An orthodox Jewish artist painting Picasso-style crucifixions is not exactly what most people would think of as their "ideal character." Yet, there's something about the story of Asher Lev that really draws me in. I'm not sure if its the fact that he is an artist (there's nothing more on this planet I would love than to have artistic abilities), or the fact that he stays true to his identity in the face of opposition, or maybe it's the firm devotion he has in his faith even as his faith seeks to reject him. I don't know what it is about that boy Asher Lev, but I want to be him.
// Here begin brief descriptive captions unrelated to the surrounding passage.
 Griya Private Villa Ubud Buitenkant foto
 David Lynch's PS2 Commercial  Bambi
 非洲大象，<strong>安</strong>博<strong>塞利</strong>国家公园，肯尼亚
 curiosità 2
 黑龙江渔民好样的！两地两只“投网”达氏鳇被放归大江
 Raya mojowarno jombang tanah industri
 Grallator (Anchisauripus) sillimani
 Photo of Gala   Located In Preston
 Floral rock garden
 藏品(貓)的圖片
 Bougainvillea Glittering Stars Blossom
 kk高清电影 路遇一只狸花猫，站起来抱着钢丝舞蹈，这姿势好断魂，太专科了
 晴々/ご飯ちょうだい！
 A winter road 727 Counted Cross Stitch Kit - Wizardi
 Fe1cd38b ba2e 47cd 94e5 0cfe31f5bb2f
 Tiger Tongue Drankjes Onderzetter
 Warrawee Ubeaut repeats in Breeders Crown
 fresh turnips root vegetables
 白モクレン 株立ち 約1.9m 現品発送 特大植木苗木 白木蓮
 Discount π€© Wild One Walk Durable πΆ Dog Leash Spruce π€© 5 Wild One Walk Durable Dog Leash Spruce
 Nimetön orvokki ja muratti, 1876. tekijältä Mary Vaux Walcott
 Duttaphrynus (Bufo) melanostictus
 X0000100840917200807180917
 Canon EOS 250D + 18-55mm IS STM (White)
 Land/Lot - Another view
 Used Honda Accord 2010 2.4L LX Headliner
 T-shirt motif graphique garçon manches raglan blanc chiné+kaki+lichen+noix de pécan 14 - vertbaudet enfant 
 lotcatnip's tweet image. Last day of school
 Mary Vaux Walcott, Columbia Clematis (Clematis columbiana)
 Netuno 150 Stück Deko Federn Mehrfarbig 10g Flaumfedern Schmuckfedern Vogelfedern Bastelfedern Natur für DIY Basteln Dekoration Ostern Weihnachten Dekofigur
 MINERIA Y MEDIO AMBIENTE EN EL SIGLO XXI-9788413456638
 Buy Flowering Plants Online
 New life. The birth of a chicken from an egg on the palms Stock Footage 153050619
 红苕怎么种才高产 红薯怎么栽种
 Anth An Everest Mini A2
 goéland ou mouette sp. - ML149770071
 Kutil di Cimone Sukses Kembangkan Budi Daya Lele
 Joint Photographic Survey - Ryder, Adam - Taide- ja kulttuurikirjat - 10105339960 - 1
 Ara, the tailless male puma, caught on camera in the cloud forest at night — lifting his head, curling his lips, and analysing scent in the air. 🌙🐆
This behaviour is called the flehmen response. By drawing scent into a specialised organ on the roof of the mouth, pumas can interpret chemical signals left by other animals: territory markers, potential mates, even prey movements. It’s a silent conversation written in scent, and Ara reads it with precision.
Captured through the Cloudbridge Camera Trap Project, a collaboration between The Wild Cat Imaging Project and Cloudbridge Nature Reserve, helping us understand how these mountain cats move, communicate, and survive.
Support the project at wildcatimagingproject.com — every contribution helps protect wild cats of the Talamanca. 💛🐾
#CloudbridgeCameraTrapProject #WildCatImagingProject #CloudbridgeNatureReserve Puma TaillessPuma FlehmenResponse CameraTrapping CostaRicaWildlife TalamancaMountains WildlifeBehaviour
Well honestly, I guess what I really want is not to be Asher Lev, but to have something, some integral part of me, that I can hold on to even in the midst of being challenged by others. What I want is the chance to retain my integrity and identity in the face of opposition. What I want is to be able to show the world that who I am is not defined by your desires and that I don't need anyone's approval or validation to be myself. Asher Lev got that chance when his entire family and community turned against him because he was an artist and they were Hasidic Jews. And Asher Lev got to show his entire community that Judaism and art were not irreconcilable. And I think that's what makes me want to be him. I want a chance to prove myself. I want a chance to show everyone that I am not defined by my sexuality, race, gender identity, economic status, or any other of the sixteen thousand labels there are in this world. I want the chance to give a "fuck the patriarchy" (sorry) styled shout to the world and finally establish the fact that nobody in this world, other than me, can tell me who I am.
See, Asher Lev could do it. I want to do it too.